Fallacy #2: Counselors Are Bad At Keeping Secrets
There’s always that one counselor in a specific media show that spills out all the details about a particular client to a friend or other people.
And sometimes, they are even antagonists of the story plot.
Accuracy: Counselors are sworn to secrecy by their counseling profession and are obligated to maintain strict confidentiality at all times. Whatever conversations or experiences you’ve shared with your counselor will never be shared with anyone without your permission. However, there are always certain exceptions to the rule, especially when imminent danger or threat is looming. Usually, before the counseling session begins, your counselor will inform you about the terms and conditions of your counseling relationship.
Fallacy #3: Therapists Often Form Romantic Relationships With Their Patients
Vulnerability and dependency of a person who is always seeking the help of his or her therapist is somehow a written plot device for the two characters involved. Sometimes, it gives this bad impression that real-life therapists can be predatory and will take advantage of their client’s susceptibility.

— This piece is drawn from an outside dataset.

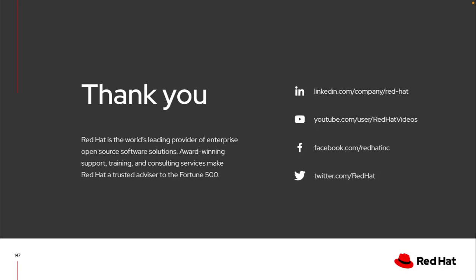I hope this was a helpful way to learn a little bit more about event driven Ansible and event driven Ansible controller. Please let me know if you have any questions.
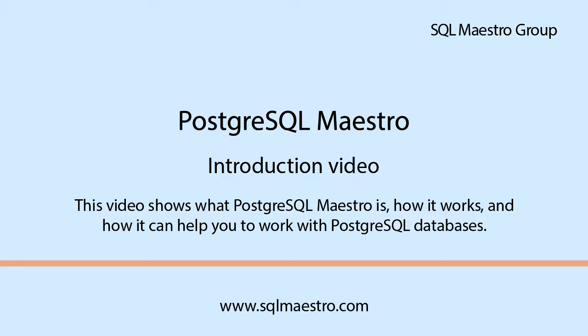Hello! In this video we will show you how PostgreSQL Maestro works and how it can help you to work with PostgreSQL databases. Let's begin!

Accuracy: “The foundation of therapy is based on the relationship you build with your therapist. When seeking someone out it’s important you feel comfortable with them.” says Elana Schechtman-Gil LMFT, But ethically, having sexual contact or forming relationships with people who seek professional advice is inadmissible. Dual relationships created between the patient and therapist is harmful and can be ineffective to the overall treatment.
Always remember that the majority of whatever you see on television or in movies about therapy is mostly superficial. Real-life therapists are bound by their profession to practice within the scope of their responsibility. Expectations and goals are first laid out before the therapeutic process begins to create a trusting and efficient relationship between the patient and the therapist.